2017-06-26msgmap: reduce constant usage
It is needless bloat and doesn't seem to help with readability, in retrospect, either.
2017-06-23msgmap: ignore duplicates instead of dying
This prevents public-inbox-watch from dying when reloading (and thus rescanning) already-imported directories.
2017-06-22msgmap: mid_insert ignores duplicates instead of die-ing
This will allow smoother imports as occasional Message-ID duplicates happen and the best we can do is ignore the second one.

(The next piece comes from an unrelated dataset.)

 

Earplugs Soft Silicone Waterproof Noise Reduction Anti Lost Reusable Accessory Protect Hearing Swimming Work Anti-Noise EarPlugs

2016-08-11search: support alt-ID for mapping legacy serial numbers
For some existing mailing list archives, messages are identified by serial number (such as NNTP article numbers in gmane). Those links may become inaccessible (as is the current case for gmane), so ensure users can still search based on old serial numbers. Now, I run the following periodically to get article numbers from gmane (while news.gmane.org remains): NNTPSERVER=news.gmane.org export NNTPSERVER GROUP=gmane.comp.version-control.git perl -I lib scripts/xhdr-num2mid $GROUP --msgmap=/path/to/gmane.sqlite3 (I might integrate this further with public-inbox-* scripts one day). My ~/.public-inbox/config as an added "altid" snippet which now looks like this: [publicinbox "git"] address = git@vger.kernel.org mainrepo = /path/to/git.vger.git newsgroup = inbox.comp.version-control.git ; relative pathnames expand to $mainrepo/public-inbox/$file altid = serial:gmane:file=gmane.sqlite3 And run "public-inbox-index --reindex /path/to/git.vger.git" periodically. This ought to allow searching for "gmane:12345" to work for Xapian-enabled instances. Disclaimer: while public-inbox supports NNTP and stable article serial numbers, use of those for public links is discouraged since it encourages centralization.

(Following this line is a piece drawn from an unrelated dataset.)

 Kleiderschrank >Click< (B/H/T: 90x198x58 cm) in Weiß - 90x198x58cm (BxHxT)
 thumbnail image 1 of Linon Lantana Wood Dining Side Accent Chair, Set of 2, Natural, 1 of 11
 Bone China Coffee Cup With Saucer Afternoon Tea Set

2016-07-31msgmap: fix use of transactions
We want transactions to be the responsibility of the caller when possible; this fixes the potential for the msgmap to internally become inconsistent when using it from inside searchidx.
2015-11-20various internal documentation updates
Hopefully this gives new hackers a better overview of how the components relate to each other.
2015-10-02Msgmap: pass ReadOnly DBI flag for non-writable opens
This doesn't seem to do anything on my older system, but maybe it will in newer or future versions of DBD::SQLite. Anyways it can be helpful for documentation purposes, too.
2015-09-30remove unnecessary fields usage
It doesn't actually give performance improvements unless we use types with "my", but we don't do that. We'll only continue using fields with Danga::Socket-derived classes where they're required.
2015-09-21msgmap: minor cleanup to move constant declaration
This doesn't actually change anything as the constant is still usable in other subroutines, but helps with consistency and readability IMHO.
2015-09-19nntp: use long response API for LISTGROUP
LISTGROUP can be expensive for giant groups, too. Use the long response API to improve fairness and prevent excessive buffering.
2015-09-18read-only NNTP server
Implementing NEWNEWS, XHDR, XOVER efficiently will require additional caching on top of msgmap. This seems to work with lynx and slrnpull, haven't tried clients. DO NOT run in production, yet, denial-of-service vulnerabilities await!
2015-09-15msgmap: add message mapping via SQLite
This will allow us to maintain stable article numbers for an NNTP server independently of Xapian.